ATTEMPTS ON HER LIFE: 17 SCENARIOS FOR THE THEATRE

Absence of character” says one of the characters in  Attempts on Her Life, 17 scenarios for the theatre by Martin Crimp. But there is no truancy of types in the play, indeed here is a surfeit, each powerfully performed by a cast of five females, uniformly suited and barefoot.

In a volley of vignettes, the absent Anna is discussed, dissected, delved into.

Who is she? A serial suicidalist, porn star, prestige car? Perhaps all of these things and none.

Crimp’s bloodless coup of Pirandelloesque thematics is confusing, iconoclastic, enigmatic, targeting Capitalism, Consumerism and Globalization.

Deconstructive post modernism, ATTEMPTS ON HER LIFE, entices and provokes.
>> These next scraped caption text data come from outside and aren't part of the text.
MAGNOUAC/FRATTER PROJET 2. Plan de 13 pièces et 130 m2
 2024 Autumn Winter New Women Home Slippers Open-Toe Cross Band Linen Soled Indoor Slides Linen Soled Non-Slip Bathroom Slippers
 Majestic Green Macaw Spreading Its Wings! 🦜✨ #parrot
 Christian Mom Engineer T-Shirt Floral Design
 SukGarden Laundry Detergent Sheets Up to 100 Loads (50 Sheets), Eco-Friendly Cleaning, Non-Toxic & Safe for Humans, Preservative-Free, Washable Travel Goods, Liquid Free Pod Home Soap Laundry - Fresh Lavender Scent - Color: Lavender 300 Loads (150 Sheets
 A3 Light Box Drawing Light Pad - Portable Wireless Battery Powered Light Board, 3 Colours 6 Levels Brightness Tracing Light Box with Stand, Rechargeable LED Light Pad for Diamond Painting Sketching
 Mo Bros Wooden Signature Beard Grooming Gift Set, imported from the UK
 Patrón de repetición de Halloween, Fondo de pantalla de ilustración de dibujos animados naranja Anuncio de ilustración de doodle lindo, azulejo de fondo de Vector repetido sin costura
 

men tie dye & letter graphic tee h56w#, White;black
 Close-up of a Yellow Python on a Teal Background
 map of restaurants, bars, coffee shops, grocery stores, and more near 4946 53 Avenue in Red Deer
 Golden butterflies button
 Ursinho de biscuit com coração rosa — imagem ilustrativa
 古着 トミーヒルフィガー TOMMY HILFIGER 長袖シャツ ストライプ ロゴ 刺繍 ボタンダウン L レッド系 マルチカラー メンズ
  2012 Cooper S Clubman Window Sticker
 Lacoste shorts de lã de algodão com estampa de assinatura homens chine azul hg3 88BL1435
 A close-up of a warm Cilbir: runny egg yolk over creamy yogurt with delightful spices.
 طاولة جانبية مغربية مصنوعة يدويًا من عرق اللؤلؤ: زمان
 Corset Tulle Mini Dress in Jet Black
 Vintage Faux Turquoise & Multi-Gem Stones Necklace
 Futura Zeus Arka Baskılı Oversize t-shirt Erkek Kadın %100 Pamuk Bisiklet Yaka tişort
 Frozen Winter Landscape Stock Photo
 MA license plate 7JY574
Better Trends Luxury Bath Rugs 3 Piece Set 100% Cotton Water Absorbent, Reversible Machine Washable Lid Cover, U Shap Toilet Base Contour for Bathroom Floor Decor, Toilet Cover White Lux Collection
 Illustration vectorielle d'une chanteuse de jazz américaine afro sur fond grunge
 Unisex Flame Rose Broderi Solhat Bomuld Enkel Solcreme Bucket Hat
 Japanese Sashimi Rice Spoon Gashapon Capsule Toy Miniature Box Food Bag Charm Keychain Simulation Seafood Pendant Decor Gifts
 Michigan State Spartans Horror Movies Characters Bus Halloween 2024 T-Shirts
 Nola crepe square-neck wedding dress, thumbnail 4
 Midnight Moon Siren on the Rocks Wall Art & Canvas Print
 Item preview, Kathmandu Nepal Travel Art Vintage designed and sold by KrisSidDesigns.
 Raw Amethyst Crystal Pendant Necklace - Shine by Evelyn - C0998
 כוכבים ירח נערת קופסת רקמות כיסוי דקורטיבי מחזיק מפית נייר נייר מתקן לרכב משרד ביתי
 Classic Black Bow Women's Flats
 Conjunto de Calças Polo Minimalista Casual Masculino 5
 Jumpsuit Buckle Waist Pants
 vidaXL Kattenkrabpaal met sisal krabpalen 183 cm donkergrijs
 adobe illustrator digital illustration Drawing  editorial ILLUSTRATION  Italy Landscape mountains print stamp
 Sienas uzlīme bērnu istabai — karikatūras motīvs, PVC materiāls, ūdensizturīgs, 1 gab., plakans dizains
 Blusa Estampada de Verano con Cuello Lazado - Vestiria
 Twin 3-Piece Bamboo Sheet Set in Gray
Saro Lusty-Cavallari’s production begins with a TV monitor showing us the cast preparing to go on stage. We follow them from the dressing room to the stage, cameras intrude or keep surveillance with voyeuristic intention. There’s a sneaky audience participation as attendees are glimpsed on the periphery of the photographed image.

ATTEMPTS ON HER LIFE is a variety show, with torch song, translations, mock news bulletins and glossy advertorials. Nuts to narrative, it’s a free-fall sprawl. Attempts to make sense of it is the entertainment. As one character says, “The point is that the search for a point is pointless.” 

Mirroring today’s world the production is technologically top heavy, with director Saro Lusty-Cavallari, doing double duty as sound and video designer, wallowing in the process.

The energetic ensemble of Lucy Burke, Bridget Haberecht, Lucinda Howes, Ebony Tucker and Josephine Lee sing, dance, posture and prance in elegant, kaleidoscopic confrontation.

Baffling, infuriating, all seeing and unknowable, ATTEMPTS ON HER LIFE, is a marvellous play on words and a kick in the head to those philistines who perpetuate the myth that theatre should be brainless. The one drawback is that polemic overpowers the playfulness and the production could probably shed 10 minutes.

ATTEMPTS ON HER LIFE runs till the end of the month at KXT atop the Kings Cross Hotel.